Not the zin I wanted
It usually around this time of year, where the coziness of winter hasn’t completely morphed into the gray loathing for the end of the cold, that I turn to my favorite of fruit bombs.
I usually don’t like fruit-forward wines, especially made from varietals like merlot, cabernet sauvignon, cabernet franc, pinot noir and syrah. Balance, backbone, a little spice, some earth, smoke, tannin, that’s usually what I want. But there’s one grape I believe does best when it’s used to make a deep fruit explosion in a glass, and that’s zinfandel. The sweet black fruit, vanilla spice, and sometimes candy notes in a high-alcohol, viscous package seem to quench my wine sweet tooth in ways less sugary than standbys like port, sherry and late-harvest wines do.
Last night, that’s what I wanted, and I think I came up empty.
Castlebank Old Vines Zinfandel, 2007, Dry Creek Valley – $15
On the recommendation of a wine shop owner in Ronkonkoma, I picked up this wine, turning down the Lodi Ravenswood I was eying. At 14.7 percent alcohol, and with the thumbs up from a guy who usually makes great picks, I felt it was a safe bet that it was the monster I was after. Not so.

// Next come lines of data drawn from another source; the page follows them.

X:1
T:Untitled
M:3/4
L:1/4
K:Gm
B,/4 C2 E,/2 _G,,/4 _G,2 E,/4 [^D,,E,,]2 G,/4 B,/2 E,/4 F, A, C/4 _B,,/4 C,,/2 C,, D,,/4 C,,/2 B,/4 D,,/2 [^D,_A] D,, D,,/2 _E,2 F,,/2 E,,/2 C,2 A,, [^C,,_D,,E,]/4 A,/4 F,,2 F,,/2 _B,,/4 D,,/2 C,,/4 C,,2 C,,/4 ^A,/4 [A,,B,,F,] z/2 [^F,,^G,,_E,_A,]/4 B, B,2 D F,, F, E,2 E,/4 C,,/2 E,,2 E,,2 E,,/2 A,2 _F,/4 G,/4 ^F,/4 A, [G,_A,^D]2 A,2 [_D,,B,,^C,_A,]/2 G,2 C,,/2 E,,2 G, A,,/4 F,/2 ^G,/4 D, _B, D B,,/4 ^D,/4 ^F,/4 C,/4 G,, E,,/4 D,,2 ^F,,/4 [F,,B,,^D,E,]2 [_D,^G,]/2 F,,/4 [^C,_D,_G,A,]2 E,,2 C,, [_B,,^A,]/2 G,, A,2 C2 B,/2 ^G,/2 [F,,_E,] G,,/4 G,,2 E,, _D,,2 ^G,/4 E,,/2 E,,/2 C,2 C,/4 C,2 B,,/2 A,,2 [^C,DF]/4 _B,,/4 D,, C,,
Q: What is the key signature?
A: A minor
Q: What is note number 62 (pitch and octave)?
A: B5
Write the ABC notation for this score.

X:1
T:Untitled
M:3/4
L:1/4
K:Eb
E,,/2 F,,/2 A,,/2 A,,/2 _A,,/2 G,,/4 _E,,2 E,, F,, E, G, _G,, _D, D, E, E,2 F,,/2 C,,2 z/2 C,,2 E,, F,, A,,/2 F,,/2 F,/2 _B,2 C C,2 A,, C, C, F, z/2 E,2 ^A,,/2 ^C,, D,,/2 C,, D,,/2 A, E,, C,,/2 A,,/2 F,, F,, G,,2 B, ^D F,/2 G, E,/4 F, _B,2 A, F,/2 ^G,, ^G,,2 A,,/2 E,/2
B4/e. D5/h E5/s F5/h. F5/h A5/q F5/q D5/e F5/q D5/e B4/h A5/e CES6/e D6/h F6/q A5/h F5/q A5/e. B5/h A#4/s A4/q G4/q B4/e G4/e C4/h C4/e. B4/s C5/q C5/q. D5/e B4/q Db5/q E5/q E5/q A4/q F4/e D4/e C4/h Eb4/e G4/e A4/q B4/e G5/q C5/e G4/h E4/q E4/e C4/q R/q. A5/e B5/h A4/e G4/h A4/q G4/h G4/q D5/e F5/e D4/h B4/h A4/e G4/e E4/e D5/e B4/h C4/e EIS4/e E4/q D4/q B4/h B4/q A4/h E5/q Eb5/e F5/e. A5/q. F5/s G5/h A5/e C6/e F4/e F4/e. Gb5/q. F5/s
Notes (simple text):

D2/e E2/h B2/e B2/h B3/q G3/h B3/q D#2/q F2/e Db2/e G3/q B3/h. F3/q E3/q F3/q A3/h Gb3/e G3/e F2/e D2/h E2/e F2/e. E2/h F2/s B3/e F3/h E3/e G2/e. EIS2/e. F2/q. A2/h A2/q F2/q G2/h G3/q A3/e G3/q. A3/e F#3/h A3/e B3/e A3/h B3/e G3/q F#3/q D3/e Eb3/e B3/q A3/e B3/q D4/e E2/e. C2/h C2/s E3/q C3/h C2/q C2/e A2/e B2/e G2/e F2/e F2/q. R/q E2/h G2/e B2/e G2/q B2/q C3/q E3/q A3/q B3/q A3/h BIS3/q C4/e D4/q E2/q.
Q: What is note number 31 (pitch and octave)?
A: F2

On the nose there was plenty of fresh black cherry, and a little bit of cherry candy, but way too much oak.
The palate was very hot, I sensed the octane level right away. It had loads of oak, and not creamy American vanilla toasted oak, but a tighter, woodsier flavor. The fruit was black cherry with a lot of cherry candy, which, with the heat, came off like a shot of cherry NyQuil. It had hints of bitter dark chocolate, and dry finish with a fair amount of acid and tannin.
After airing out a while the wine’s rough edges did soften up, which let the vanilla come through the jammy black cherry.
On Castlebank’s Web site you can see this is the only wine they make, which they ferment in steel and age 11 months in a mix of seasoned American and new French oak. It could be this wine just needs time.
Could the wine shop owner have recommended a structured Zin when I wanted a syrupy beast? Maybe.